Provo a restringere il campo per avvicinarmi di più al tema del libro e della ricetta in questione. Negli ultimi anni ho sviluppato un amore spassionato per la cucina mediorientale, amore che ho potuto coltivare direttamente a Pisa, senza spostarmi di un centimetro dal mio appartamento da universitaria. Al piano inferiore, infatti, viveva (e vive ancora, sono io che mi sono spostata) una coppia siriana. Non conto più le volte in cui, rientrando in casa dopo una giornata di studio venivo inebriata dall'odore di spezie che inondava l'androne del palazzo e le scale. Mi lanciavo di corsa all'ultimo piano, nella speranza che, come accadeva piuttosto spesso, un piatto di quelle delizie fosse arrivato come omaggio anche a casa nostra. Con le altre coinquiline, analizzavamo e annusavamo il piatto cercando di scoprirne gli ingredienti. Ricordo le serate estive che trascorrevamo nascoste dalle tapparelle per goderci l'odore dell'agnello arrosto senza farci vedere (altrimenti che figura...!). E il giorno in cui al piano di sotto si macinavano le spezie, con gli odori che riempivano la casa, e noi in attesa di un barattolino in regalo che avremmo poi conservato come una reliquia.
Ma l'estasi olfattiva si accompagnava al tormento di non essere in grado di riprodurre quelle meraviglie. Eh sì, perché nessuno mi toglierà dalla mente che, per quanto brava io possa diventare, non avrò mai nel sangue il dosaggio perfetto delle spezie, la capacità di usare il giusto quantitativo di cannella per esaltare il sapore della carne... Così come non mi convinceranno mai che Gordon Ramsay, con tutte le sue stelle Michelin, sappia fare i ravioli meglio di mia nonna!
La cucina è un'arte viscerale.
È per questo che ho deciso di chiedere aiuto a un esperto, anzi a due esperti, e ho comprato Jerusalem di Yotam Ottolenghi e Sami Tamimi.
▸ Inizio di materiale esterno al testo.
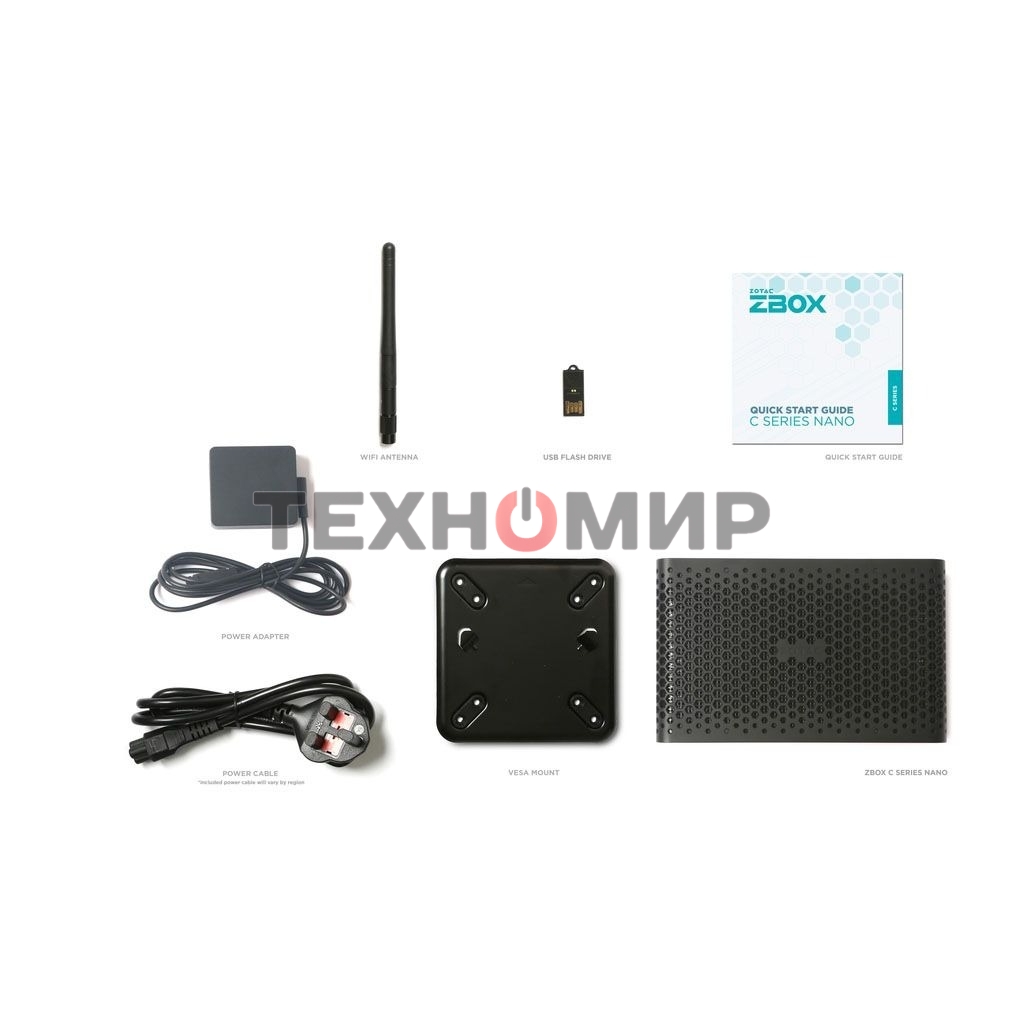 Платформа системного блока с ЦПУ Zotac ZOTAC ZBOX NANO, SFF, FANLESS, i7-1355U, 2 DDR5 SO-DIMM, M.2 SSD, 2.5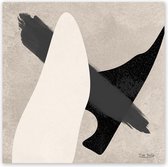 Tuinposter - Reproduktie / Kunstwerk / Kunst / Abstract / - Wit / zwart / taupe / creme - 160 x 160 cm.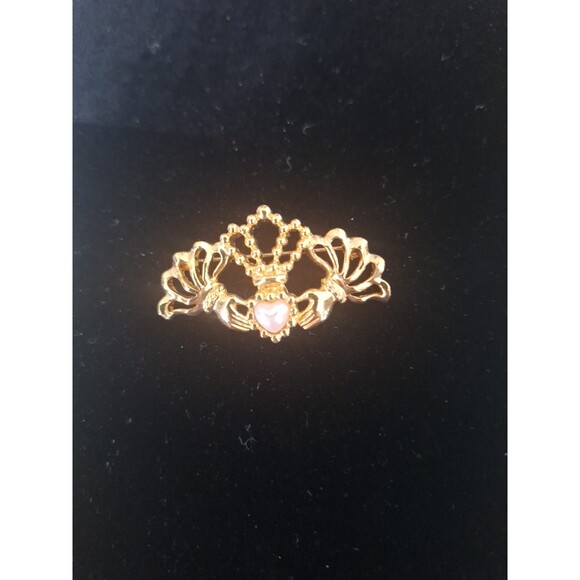 Avon Jewelry - Avon Charming Claddagh Brooch with Pearl Heart Center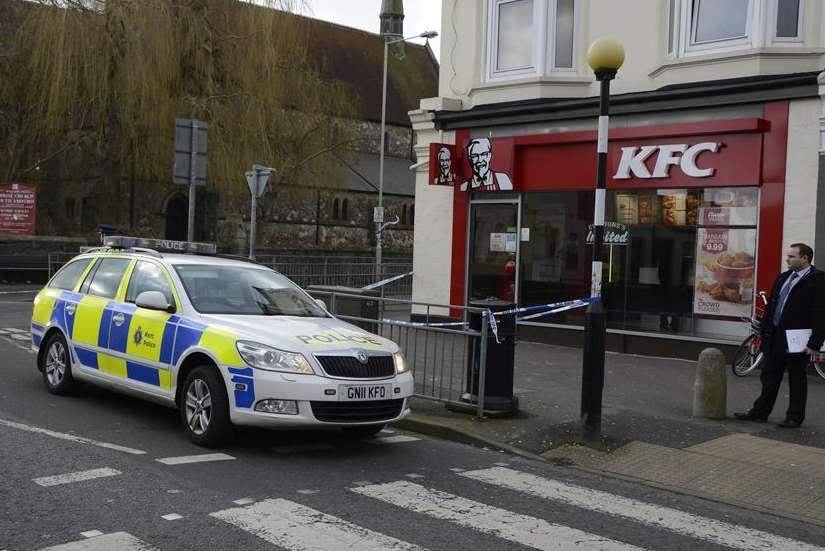 Christchurch Road in Ashford was cordoned off by police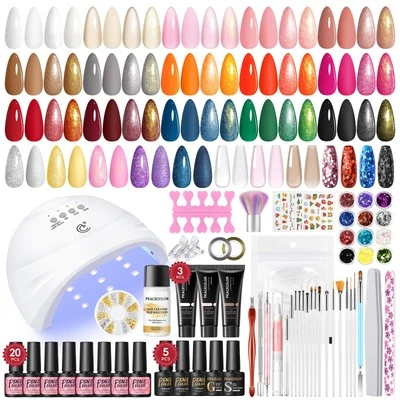 PEACECOLOR Gel Nail Polish Set with Lamp Starter Kit, 52Pcs Nail Kit 23 Colours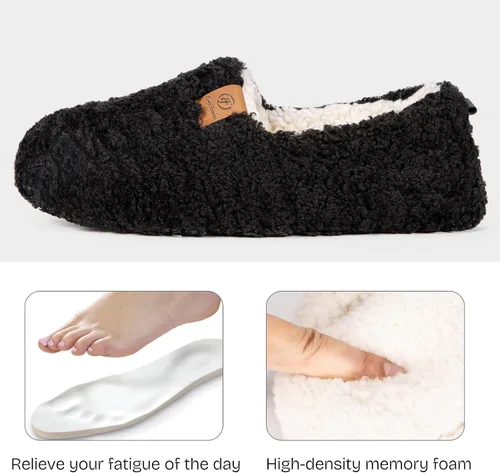 Vista 3 de EverFoams Pantuflas suaves y rizadas para mujer, de espuma viscoelástica, ligeras, cómodas, con forro polar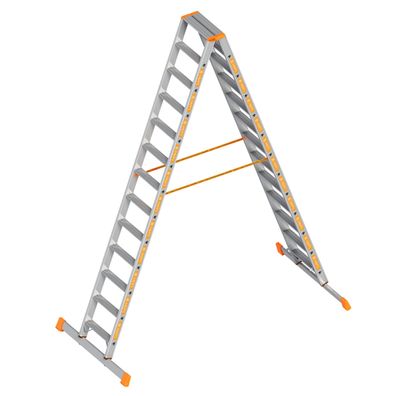 Layher Topic 1043 Stufenstehleiter 2x13 Stufen mit Traverse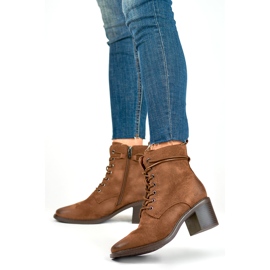 Botines marrones con cordones y tacón bajo marrón 3
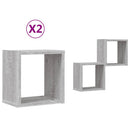 vidaXL Falpolcok tárolóval 2 pcs Szürke 26 x 15 x 26 cm Faanyag
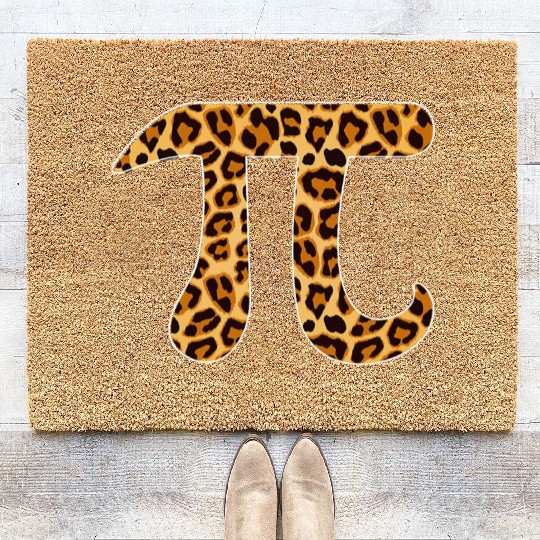 Pi Leopard Print Skin Cheetah Pi Day Math Nerd Coir Doormats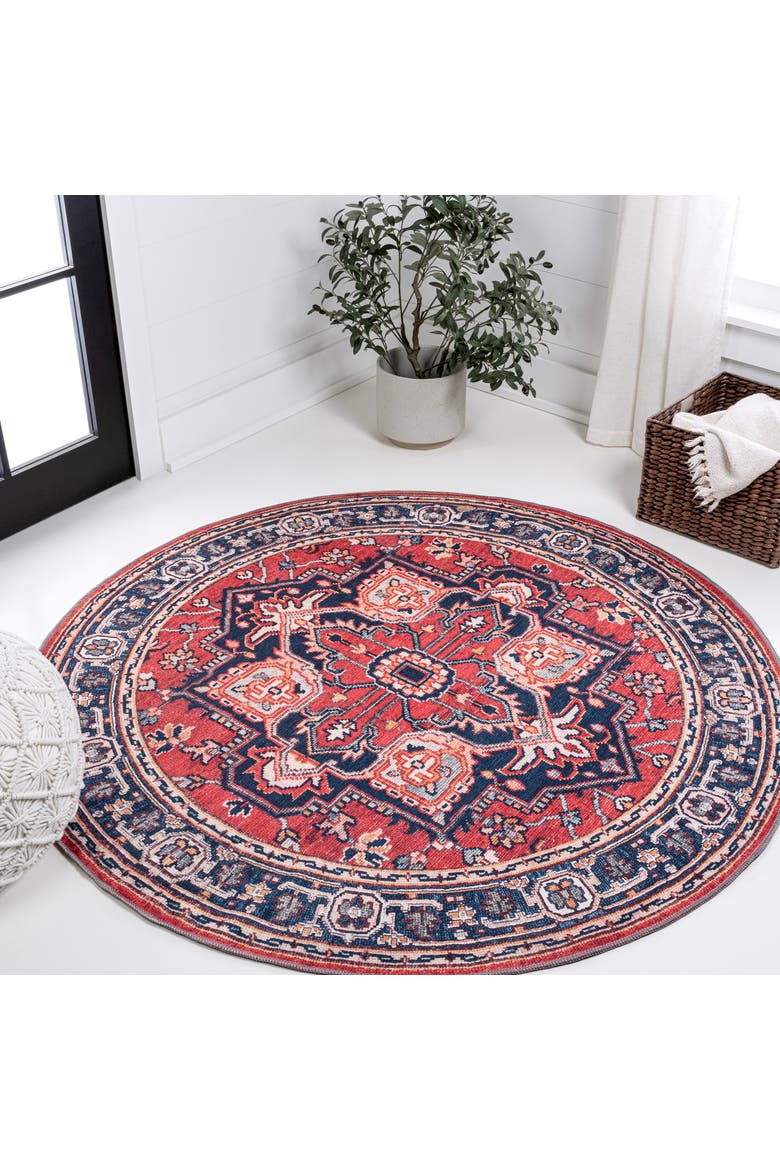 Cirali Ornate Large Medallion Machine-Washable Round Area Rug, Main, color, Red/Navy
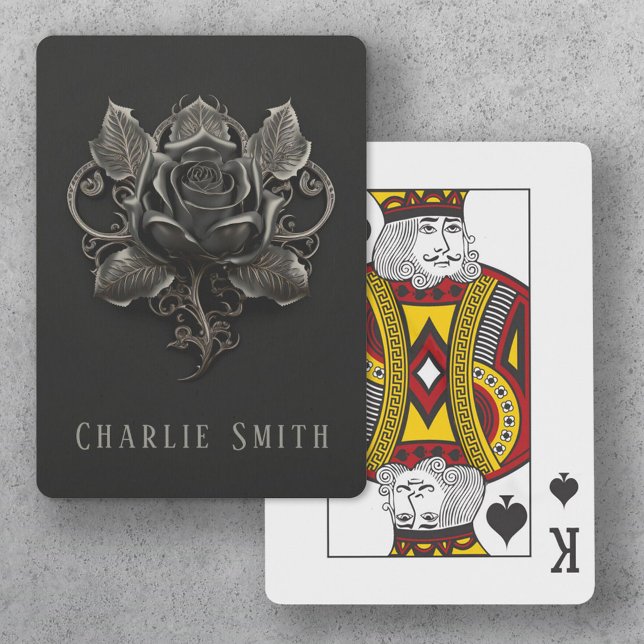 Jeu De Cartes Ornement rose Goth sur nom personnalisé arrière -  (Créateur téléchargé)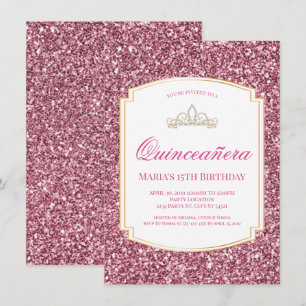 Parties scintillant rose Quinceañera Invitations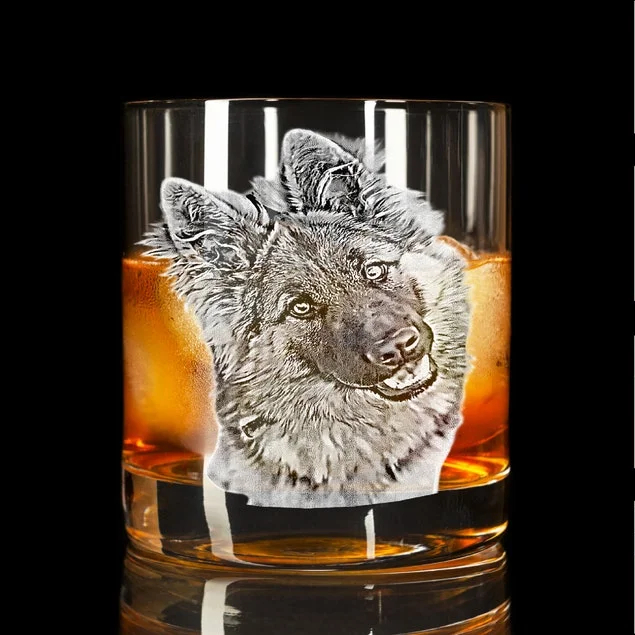 Pet Photo Whiskey Glass, Pet Memorial, Dog Portrait, Dog Memorial Gift, Pet Loss Gift, Custom Pet Portrait From Photo, Father's Day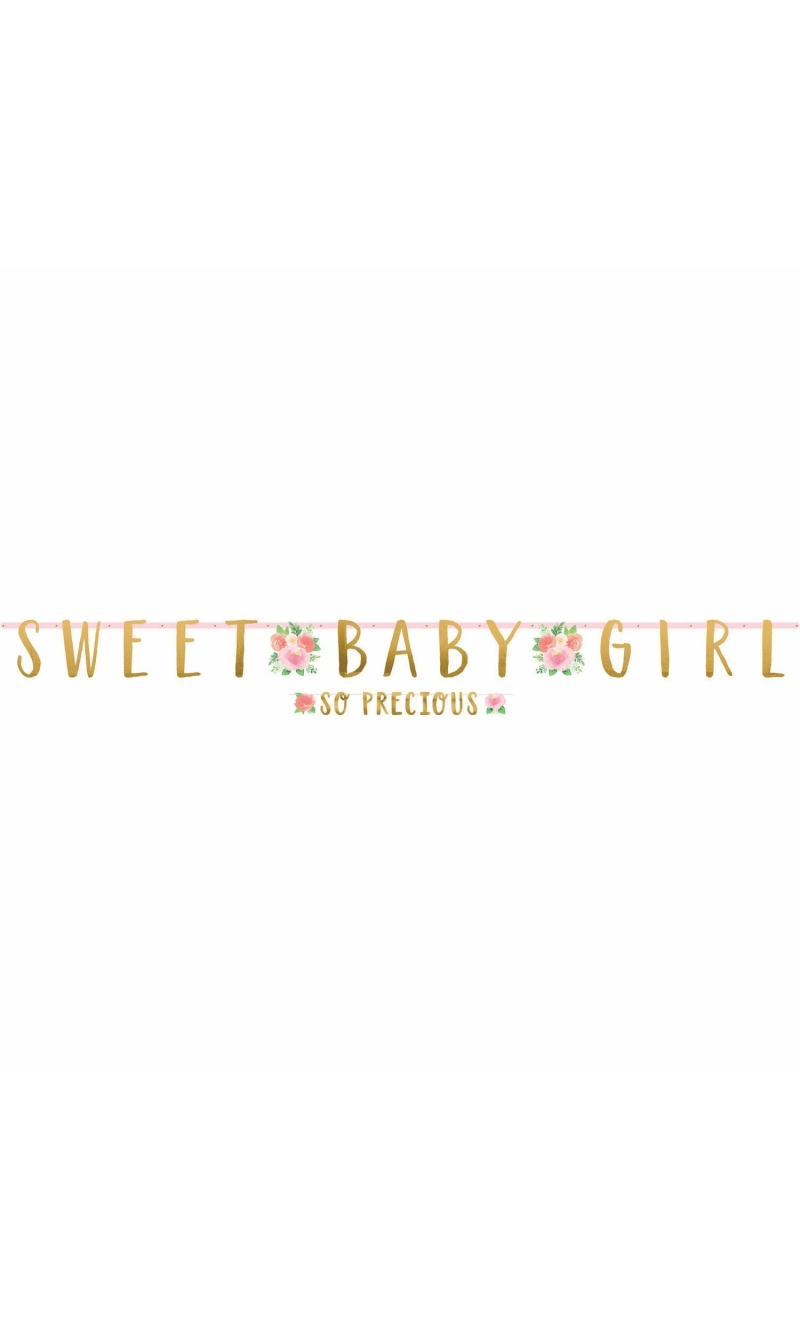Floral Sweet Baby Girl Banner 347 x 25.4cm / 182 x 12cm - 2pk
Un libro che è un ode alla cucina e alla cultura mediorientale, e del quale credo che sentirete ancora parlare. ;)

Devo fare un'annotazione prima di cominciare. Ho fatto una piccola modifica alla ricetta, che invece delle pesche sciroppate prevedeva di preparare delle pesche affogate all'arak. Ingrediente che ovviamente mi mancava :) Avevo in casa le pesche sciroppate e ho usato quelle.

Budino di yogurt con pesche sciroppate

Ingredienti
4 fogli di gelatina (in tutto 7 gr)
200 ml di doppia panna (va benissimo la panna fresca semplice)
200 ml di latte intero
90 gr di zucchero extrafine
1 baccello di vaniglia privato dei semi
scorza grattugiata di mezza arancia
200 gr di yogurt greco



Preparazione
Mettete i fogli di gelatina in una ciotola con abbondante acqua fredda e lasciateli ad ammorbidire per qualche minuto. Versate la panna e il latte in una piccola casseruola con lo zucchero, il baccello di vaniglia con metà dei suoi semi e la scorza di arancia. Su una fiamma media portate a ebollizione e togliete immediatamente dal fornello. Tirate fuori dalla casseruola il baccello di vaniglia.
Mettete lo yogurt in una ciotola di media dimensione e mescolate senza sosta mentre aggiungete il latte caldo e la panna versandoli adagio. Spremete l'acqua dai fogli di gelatina, mettete anch'essi nella ciotola e rimestate fino a che si sciolgono completamente.
Mettete la mistura in quattro singoli stampi da 150 ml che metterete in frigo per almeno 5 ore. Potete anche lasciarceli per una notte intera, coperti da pellicola trasparente.
Al momento di servire, per qualche minuto mettete gli stampi in un recipiente con acqua molto calda, per facilitare l'estrazione dei budini. Nel frattempo, su una griglia calda cuocete le pesche fino a che siano leggermente caramellate. Capovolgere gli stampi dei budini su piatti da portata e accompagnare con le pesche grigliate.